GÜLE GÜLE HAŞMET BAŞKAN!

Kemal Özcan 16/02/2021 - 08:33:31

Yatağan’dan bir yıldız kaydı.

Hasan Haşmet Işık yaşam savaşını kaybetti.

Direnir, hastalığı yener, mutlaka savaşı kazanır diye umuyordum ama olmadı.

31 Mart seçimlerinde de adaylık yarışını kaybetmişti, daha doğrusu kaybettirilmişti.

İnsan bir kaybetmeye görsün.

Ön seçim yapılsaydı kesin kazanır ve Osman Gürün gibi 5’nci defa partinin adayı olurdu.

Ön seçimle tırnaklarıyla kazıya kazıya gelmişti, birilerinin iki dudağıyla atanamadığı için gitti.
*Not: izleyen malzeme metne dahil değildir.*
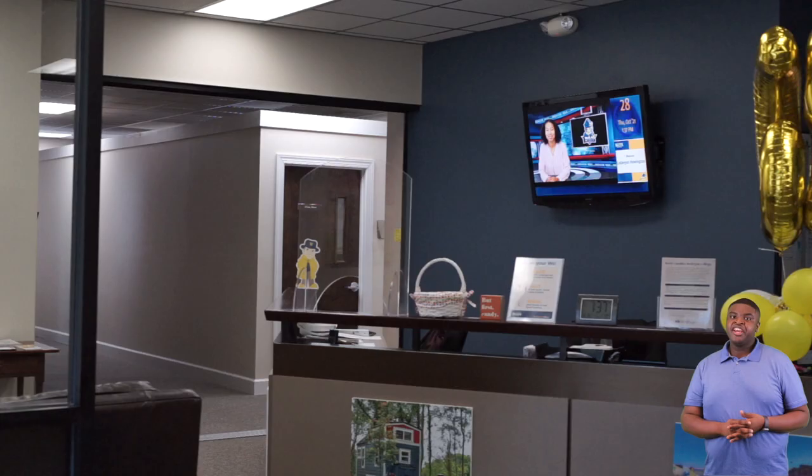Hello future Bishop. Welcome to our Welcome Center. My name is Grant Harrell. I'm one of the student ambassadors and I'll be giving you a tour of our campus today. Here at our Welcome Center, this is where you can find your admission counselor who's been helping you through your admission process.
Partide ön seçim yapılmıyorsa, Osman Gürün’ün 5’nci defa aday gösterildiği yerde o da aday gösterilmeliydi.

Seçimi kazanır kazanmaz o ayrı konu.

Osman Gürün’ün kazanacağı kesin miydi sanki?
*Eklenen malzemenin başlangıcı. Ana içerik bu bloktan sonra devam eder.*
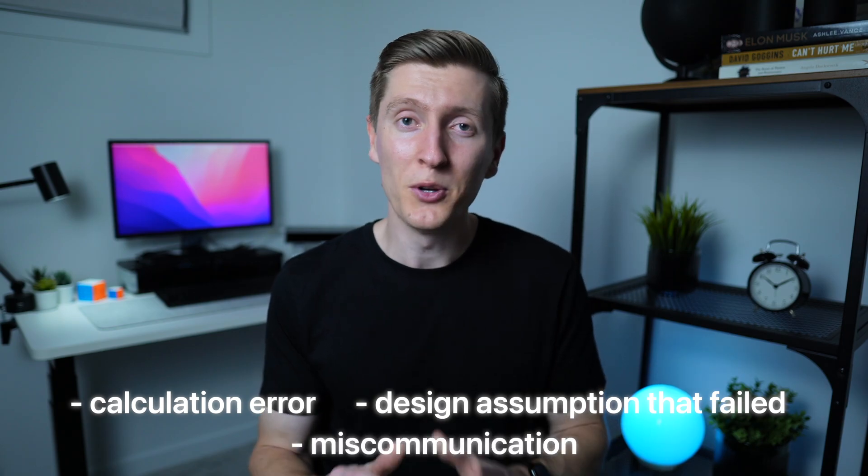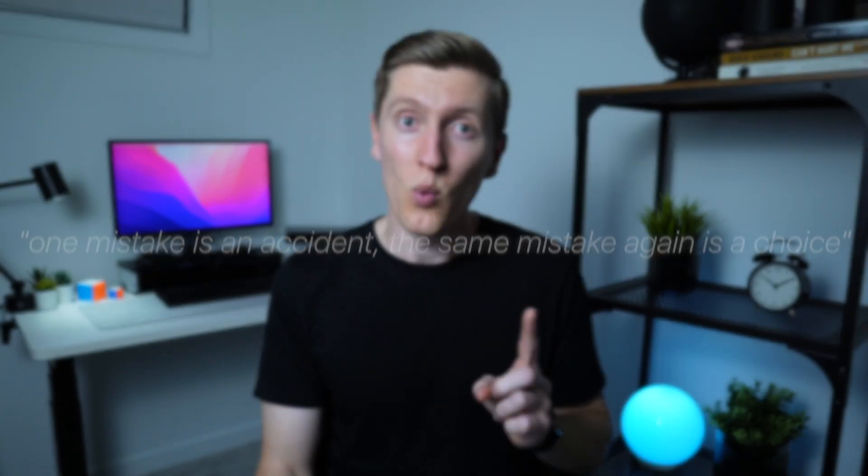The next way to retain what you learn is to capture lessons from your mistakes. While mistakes can be embarrassing and something you want to fix quickly and forget about, they're some of the most powerful learning experiences you'll ever have. When something goes wrong — whether it's a calculation error, a design assumption that didn't hold, or a miscommunication with a client — take a moment to write down what happened, why it happened, and how you'd approach it differently next time. The engineers who grow the fastest aren't the ones who avoid mistakes; they're the ones who reflect on them and build systems to prevent them happening again. Try to think of mistakes as data, not your identity. A saying I keep in mind: one mistake is an accident — the same mistake again is a choice. Document and learn from them, and each one becomes a stepping stone instead of a setback.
Yatın, kalkın Behçet Saatçi’ye, Mehmet Kocadan’a  dua edin!

Behçet Saatçi aday olmasaydı, AKP adayı Mehmet Nil Hıdır güle oynaya alırdı seçimi.

Haşmet Başkan her kesimi kucaklayan yapısıyla kazanma potansiyeli yüksek biriydi.

Gönüllere girmesini iyi bilir, ne yapar eder alırdı seçimi.

CHP Osman Gürün’ü aday gösterirken, Haşmet Başkan’ı dışarıda bırakarak çifte standart uygulamıştır.

Ortaca belediye başkanı Hasan Karaçelik içinde aynı durum söz konusudur.

Ortaca’da ilçe başkanı Mehmet Sertkaya aday gösterildi.

Hasan Karaçelik’de iki dönem başkanlık yapmış, halkın sevgisini kazanmıştı.

Eğer aday gösterilseydi Ortaca’da seçim kaybedilmesi mümkün değildi.

Ama partiyi yönetenlerin Mehmet Sertkaya’ya ödeyecekleri bir diyeti vardı.

Bu hezimetleri üstlenen oldu mu?

İstifa eden, en azından özeleştiri yapan ilçe başkanı veya milletvekili var mı?

Hasan Karaçelik başka bir partiden aday oldu diye yapılmadık hakaret kalmadı.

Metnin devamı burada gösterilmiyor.